While the negative impact of the lockdown on asset quality was somewhat expected, MQ Research continues to believe that the risk remains skewed to the non-consumer book especially SMEs while consumer assets should rebound post lockdown. — Bernama photo

KUCHING: The June 2021 banking system data released by Bank Negara Malaysia showed pronounced impact from the third movement control order (MCO) mainly in consumption with both credit card spend and overall loan applications decelerating.

While the negative impact of the lockdown on asset quality was somewhat expected, Macquarie Equities Research (MQ Research) continued to believe that the risk remains skewed to the non-consumer book especially small and mid-size enterprises (SMEs) while consumer assets should rebound post lockdown.

“The third national lockdown (movement control order), MCO 3.0 which began on May 5, had a pronounced impact on the banking stats in June,” it said in its analysis yesterday.

“Credit card spend fell 19 per cent month on month (m-o-m) in June, to roughly 28 per cent below pre-Covid levels. This is still not as drastic as the 51 per cent drop seen in April 2020.

“Overall loan applications decelerated 12 per cent m-o-m in June, with consumer loan applications down 19 per cent m-o-m versus non-consumer relatively flat at 2.7 per cent m-o-m.”

MQ Research believed that lockdowns may have played a role in physically preventing consumers from facilitating loan applications.

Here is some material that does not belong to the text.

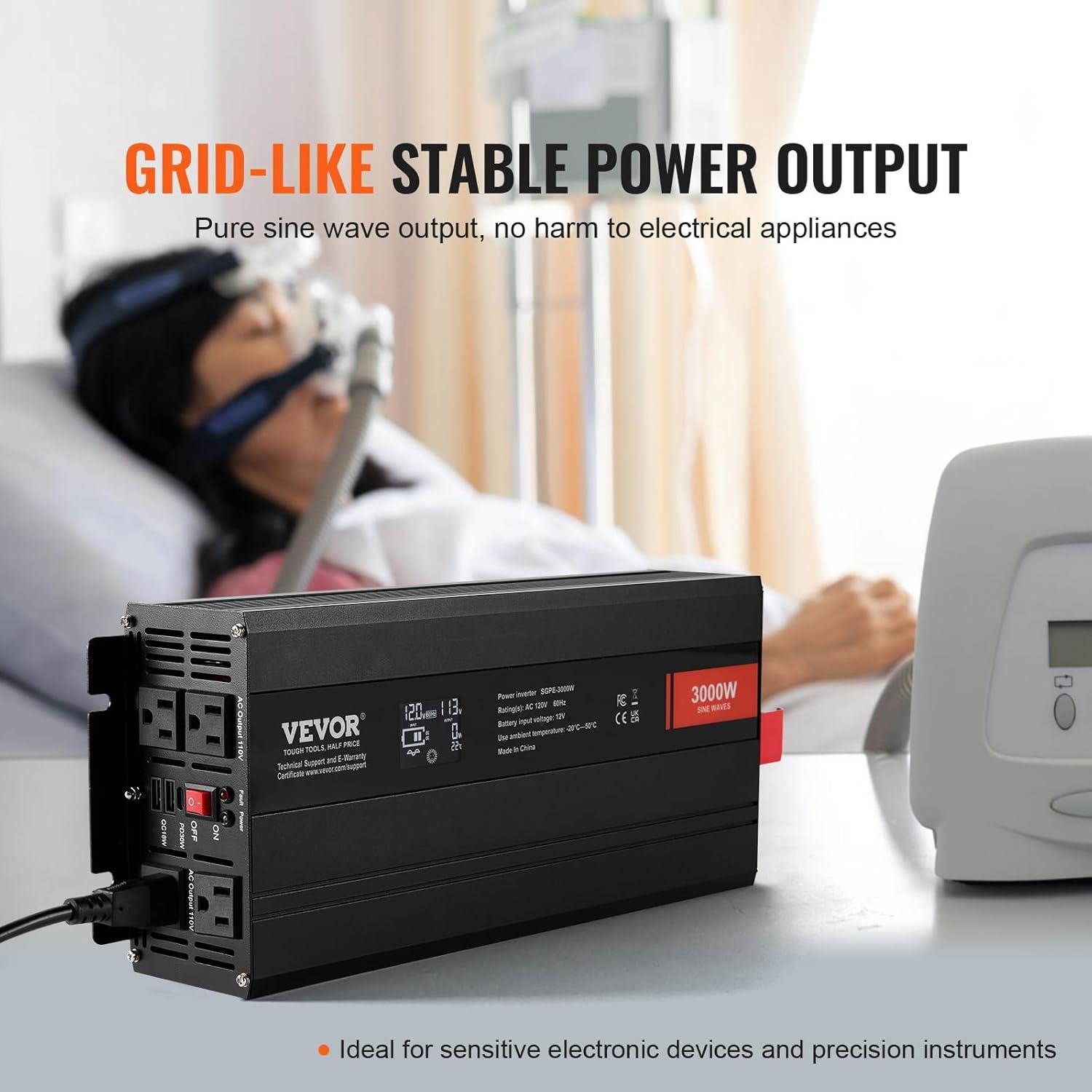 image:imageVEVOR 1000W Pure Sine Wave Inverter DC 12V to AC 120V Power Inverter with 2 AC Outlets 1 USB Port 1 TypeC Port Remote Control for Small Home Devices Like Smartphone Laptop CE FCC Certified3000W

However, it was worth noting that applications for big-ticket items fell much more than discretionary borrowing.

“Residential property loan applications fell 18 per cent m-o-m, while automotive loan applications fell 50 per cent m-o-m,” it added. “Credit card and personal loan applications were flat m-o-m.

“Meanwhile, applications of working capital loans grew five per cent, during a lockdown, indicating businesses were still looking for liquidity.”

Loan repayments were an early indicator of asset quality stress. Overall, repayment levels dipped 1.9 per cent in June, with a disproportionate drop in consumer loan repayments of 12 per cent m-o-m.

Using historic repayment trends, MQ Research estimates the consumer loans-at-risk has increased from 10 to 11 per cent pre-lockdown to around 20 per cent in June.

Note, however, that consumer loan disbursements decelerated even more rapidly, by 27 per cent m-o-m.

While the automatic loan moratoriums had not yet been introduced (only beginning on July 7), MQ Research anticipated for banks to have already begun to extend targeted repayment assistance to distressed borrowers.

“With the repayment assistance structure in place, however, said loans-at-risk are unlikely to be impaired in the short term,” it added. “At the same time, it will also artificially lift consumer loans growth, which rose 5.2 per cent year on year (y-o-y) in June.”

Meanwhile, liquidity in the banking system remains ample, with loan-to-deposit ratios hovering at 88 per cent and current account savings account ratios at a record high 32 per cent, supportive of lower cost of funds in 2Q21 and better net interest margins.

Deposit growth (increase by 3.9 per cent y-o-y) has begun to converge on loans growth (increase by 3.4 per cent y-o-y). Liquidity coverage ratios rebounded to 149 per cent, against May’s 137 per cent).

MQ REsearch said the loan loss coverage ratio remained healthy at 112 per cent, while CET1 ratios of 14.2 per cent remained sufficient.

“The negative impact of the lockdowns on asset quality was somewhat expected, with a 10 per cent increase in potential repayment assistance in consumer loans.

“However, with resilient labour market conditions, we reiterate that risk remains skewed to the non-consumer book, particularly small and mid-size enterprises. Consumer assets should rebound post-lockdown.”